We are currently supporting a customer installing an embedded cluster setup.
The kurl installer declaration we are using includes some outdated add-ons which we want to upgrade.
Specifically, we are investigating to replace Rook with Longhorn, however, it utilizes disk space differently and requests more CPU upfront.
Therefore since hardware resource usage appears to differ depending on certain Kurl add-ons being selected, such as Longhorn or Rook, is there maybe an official document or guideline that delves deeper into the system specs required and would help us to provide some clarification to our customer?
I don’t have a super hard-line answer here, but I don’t believe we have a way to calculate this today in advance.

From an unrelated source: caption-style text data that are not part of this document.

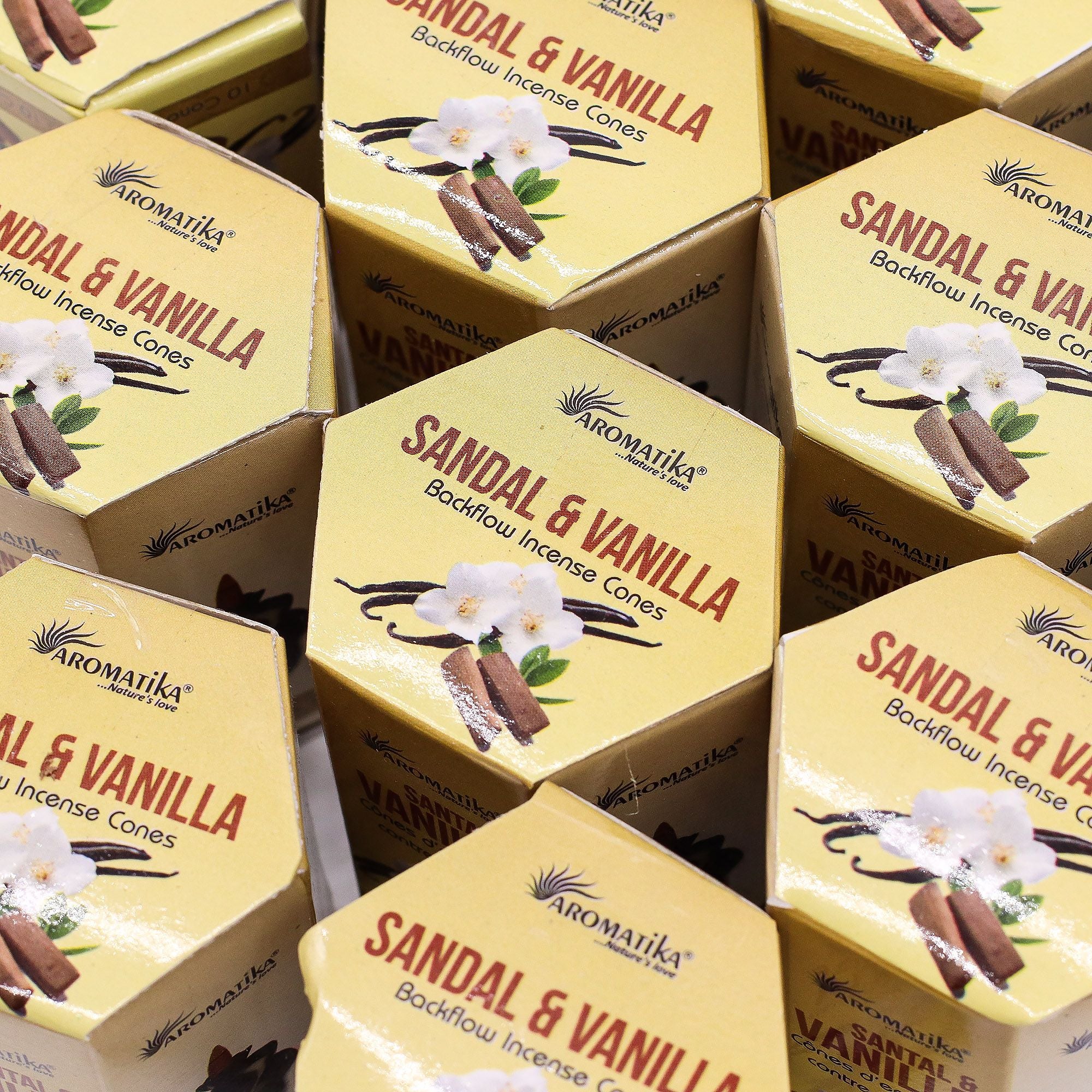 boîtes d’encens backflow masala aromatika parfum santal vanille pack de 10 cônes pour brûleur encens cascade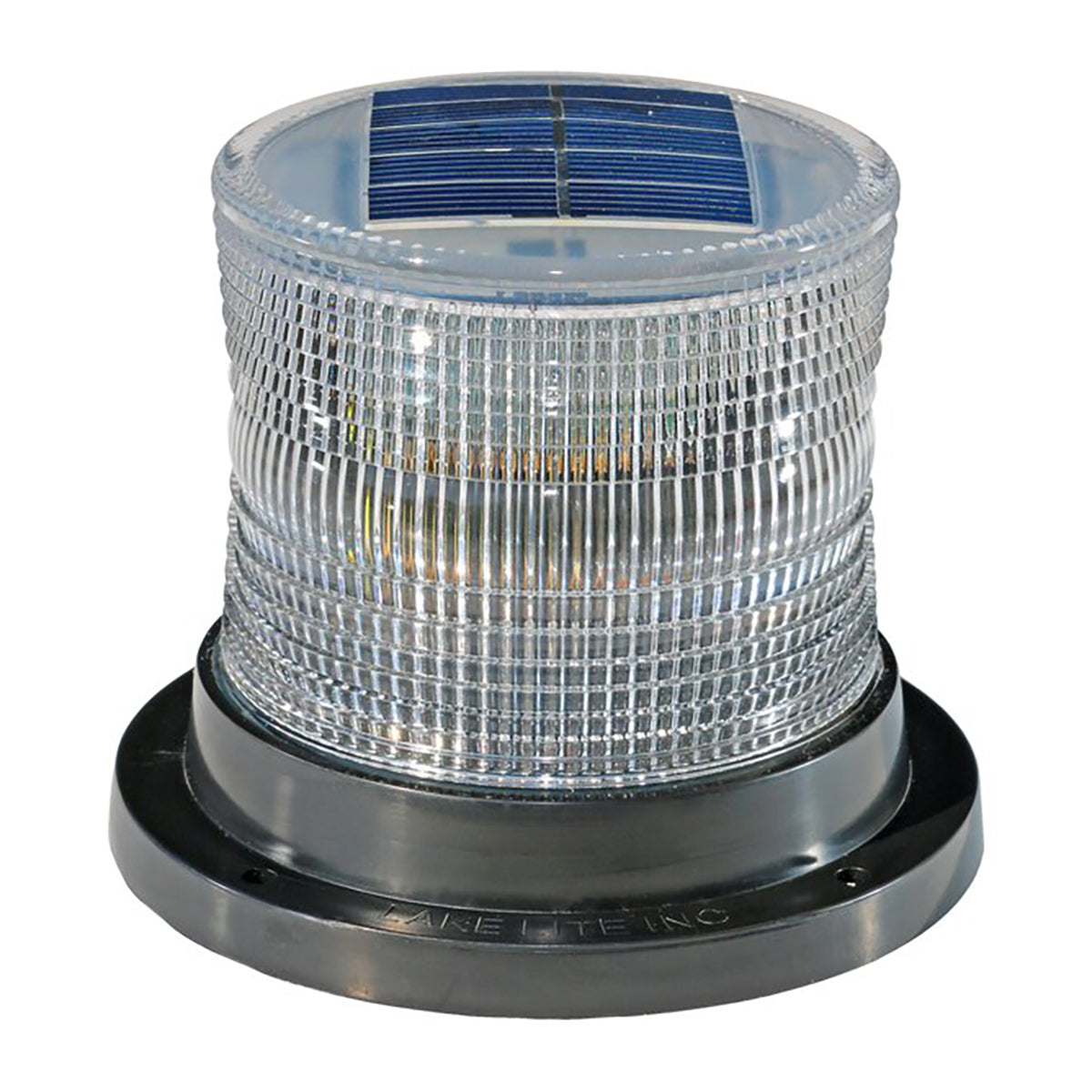 Solar-powered LED light with clear casing and visible brand name on a white background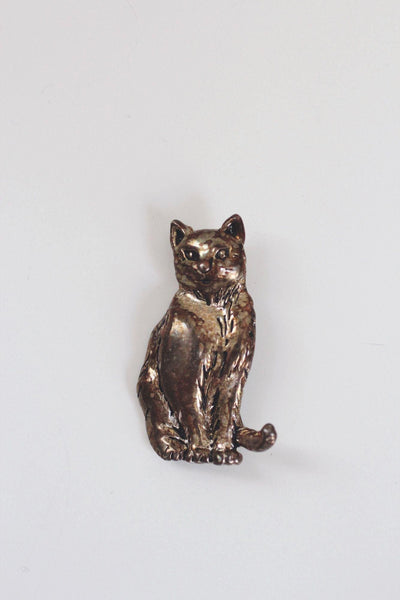 Vintage Silver Cat Brooch Pin Antiqued Oxidized Animal Jewelry Aged Rustic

There’s the brute force “add up all the CPU and Memory requests across all pods” or even just “spin up an instance with some headroom and see what gets used”

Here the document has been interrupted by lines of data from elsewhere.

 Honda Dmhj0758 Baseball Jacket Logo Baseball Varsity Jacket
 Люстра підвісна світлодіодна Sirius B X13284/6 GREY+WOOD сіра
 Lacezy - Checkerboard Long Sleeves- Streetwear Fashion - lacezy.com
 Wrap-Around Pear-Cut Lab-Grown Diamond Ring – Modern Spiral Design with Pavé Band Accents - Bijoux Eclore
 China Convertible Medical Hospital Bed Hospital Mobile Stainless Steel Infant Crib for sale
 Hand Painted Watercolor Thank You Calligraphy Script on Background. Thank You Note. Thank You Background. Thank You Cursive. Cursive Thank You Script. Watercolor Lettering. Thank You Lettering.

As an aside though, I’m interested to learn why you’re looking to switch from Rook to Longhorn – my understanding is that more of our development effort is going into Rook these days and it has more recent supported versions available.

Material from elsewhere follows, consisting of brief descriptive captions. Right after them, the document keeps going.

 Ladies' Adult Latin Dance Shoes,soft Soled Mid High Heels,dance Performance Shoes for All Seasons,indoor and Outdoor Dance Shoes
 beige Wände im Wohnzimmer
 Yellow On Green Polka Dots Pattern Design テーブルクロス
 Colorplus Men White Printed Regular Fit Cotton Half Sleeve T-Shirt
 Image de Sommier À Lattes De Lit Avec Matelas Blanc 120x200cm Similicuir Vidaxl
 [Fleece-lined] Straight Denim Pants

Thanks for the input, we weren’t aware that Rook is receiving more focus.
Initially we were planning to upgrade Rook from 1.0.4, but found that newer versions (1.7.x) require an additional disk mount to be added specifically for Rook, otherwise the installer fails. We started looking into using Longhorn since it offers similar functionality to Rook but without this specific requirement, as well as the Longhorn Dashboard working out of the box.
Are there any significant advantages or recommendations we should be aware of to stick with Rook? Are there any long-term plans to discontinue Longhorn support?
Thank you for any feedback!
While Longhorn does allow you to use folders still as opposed to block devices they do recommend you use block devices. The reality is distributed storage is best run on block devices for both data stability and performance. Rook (Ceph) removed the option specifically because it generates more failures and support issues than the project deemed responsible.
We do not currently expect to maintain long term support of Longhorn, of course that could change in the future and we will support environments that have used it in the interim. For a bit of insight, our experience after deploying and using some Longhorn environments are that it has a number of failure conditions that cause support issues which have no identified root cause. Here are two examples of cases we’ve been working with upstream and not received a particularly impressive response to.
Currently rebooting nodes deployed with Longhorn in the spec shows a high rate of failure after the reboot. Additionally we’ve seen volume corruption after excessive writes or reboots. We aren’t currently able to reliably recommend a resolution to either.
Our new default recommendation is OpenEBS local-pv for local and Rook for distributed storage, with Rook requiring dedicated block devices as you have stated. This is still a work in progress although you will see the new default spec has now made this change we haven’t yet recommended migrations for existing users.
I hope that helps clarify our experience with Longhorn and why we’ve decided to return to Rook although with increased requirements to ensure when it is used it is stable.